Lovely holder, looks like you did a good job. The chatter is most likely the huge nose radius and small lathe. The bigger the nose radius, the greater the HP and rigidity needed for it to cut without chatter. Grind the cutting to into a 80 to 85 degree V and try again. All the tangential tool bits I've seen have been V shaped. Let us know how you get on.

BTW if you need any HSS bits let me know, I have plenty to spare


----------



## Don B (Aug 20, 2014)

Andre said:


> Just thought I'd show this off, a tangential tool holder for my Craftsman 109.20630.



Nice work Andre......)


----------



## Andre (Aug 20, 2014)

ericc said:


> Trouble with high speeds?  What is the surface speed these are being cut with in the video?
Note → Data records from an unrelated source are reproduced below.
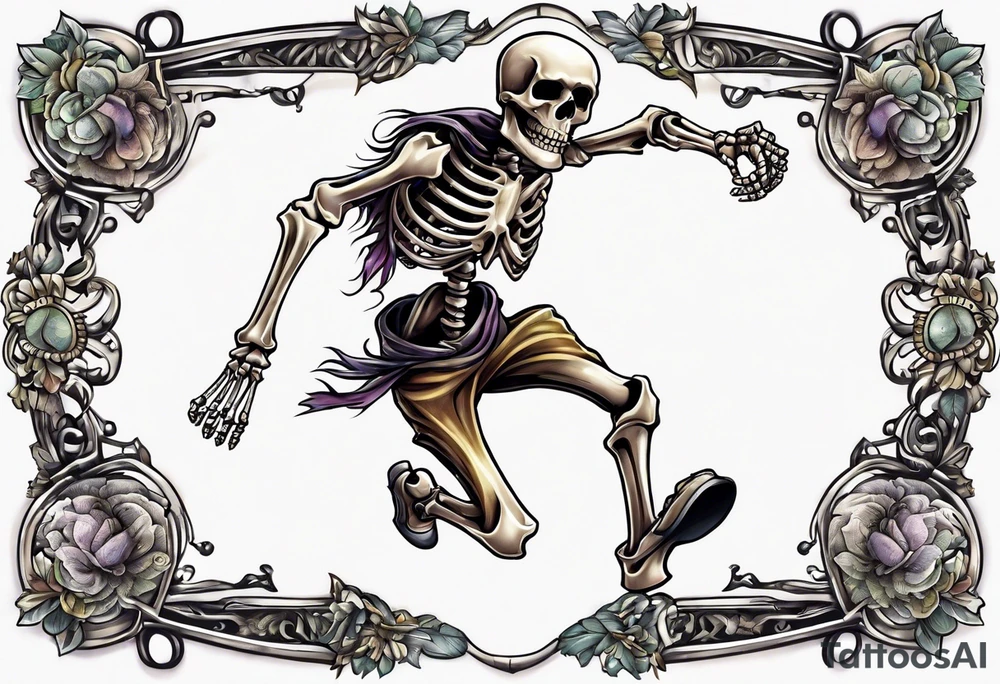 skeleton running from the world tattoo idea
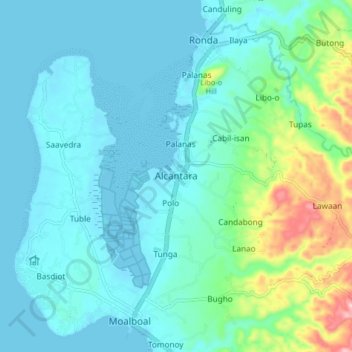 Mapa topográfico Alcantara, altitude, relevo
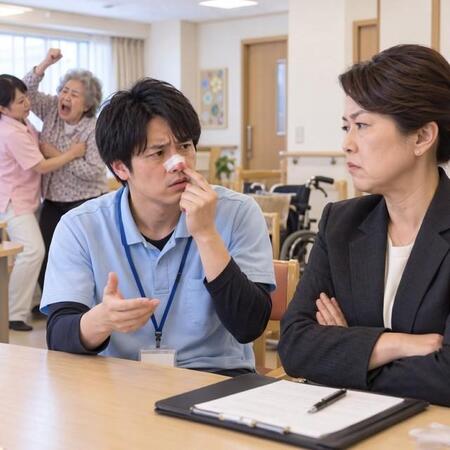施設内で負傷するも労災申請が却下…　※この画像はAdobe Fireflyで作成したイメージです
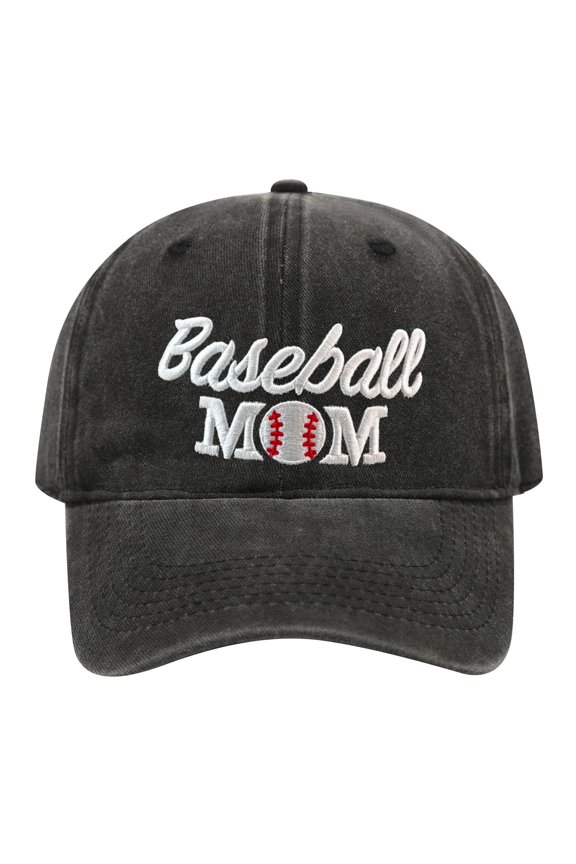 Womens Vintage Washed Baseball Cap, Embroidered Baseball Mom with Ball Pattern Hat, Sports Mom Casual Sun Hat for Game Day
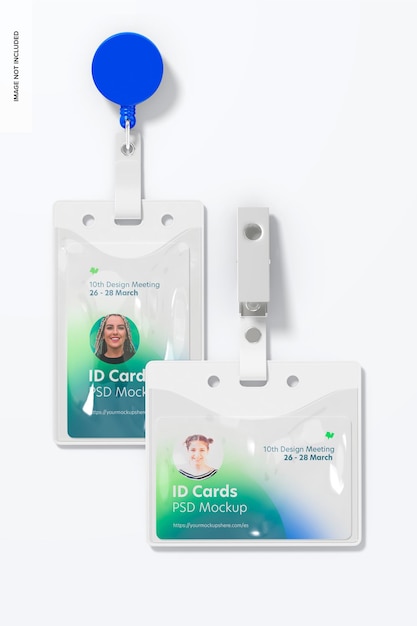 PSD cartões de identificação com clip mockup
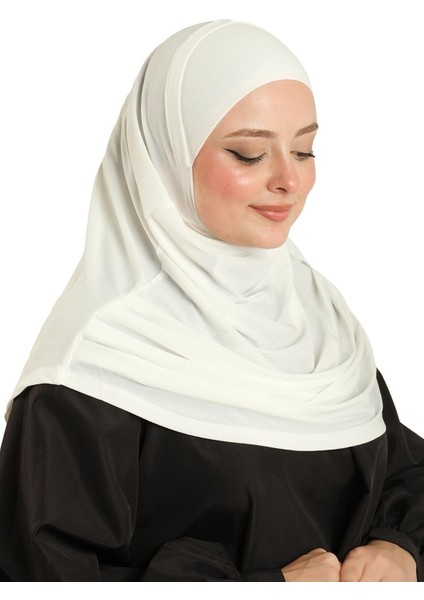 Krem Pratik Hazır Geçmeli Tesettür Eşarp Sandy Kumaş Kendinden Boneli 1290_40 modelleri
Lathe is in backgear, maybe 200 RPM. Piece started out 1/4" in diameter so.... about 13 FPM. 
I get chatter at normal lathe speed, around 1000 rpm on this machine. I have to play around with rake angles on the tool. Have not used it much.

- - - Updated - - -



mattthemuppet said:


> Lovely holder, looks like you did a good job. The chatter is most likely the huge nose radius and small lathe. The bigger the nose radius, the greater the HP and rigidity needed for it to cut without chatter. Grind the cutting to into a 80 to 85 degree V and try again. All the tangential tool bits I've seen have been V shaped. Let us know how you get on.
> 
> BTW if you need any HSS bits let me know, I have plenty to spare



Thank you! 
I was thinking it was because of the nose radius and rake angle. I don't know if you could see but the chip was a good 1/8" wide.
Thanks for the offer! I have a lot of HSS scrap, thanks to learning how to mill ) I think I used a broken center drill as a cutter.

- - - Updated - - -



Don B said:


> Nice work Andre......)



Thanks Don!


----------



## burgermeister (Aug 20, 2014)

Pardon my ignorance, but what does this do that a normal tool holder doesn't?  It clearly does cut very nicely.  Is it the rake angle of the cutting edge?  It seems similar to what a rocker toolpost with its holders would produce, which does seem more optimal than what can be achieved with a QCTP.


----------



## Rick Leslie (Aug 20, 2014)

I think the main advantage is the tool and holder rigidity. The tool flex is reduced. Here's some good info and videos on the tool.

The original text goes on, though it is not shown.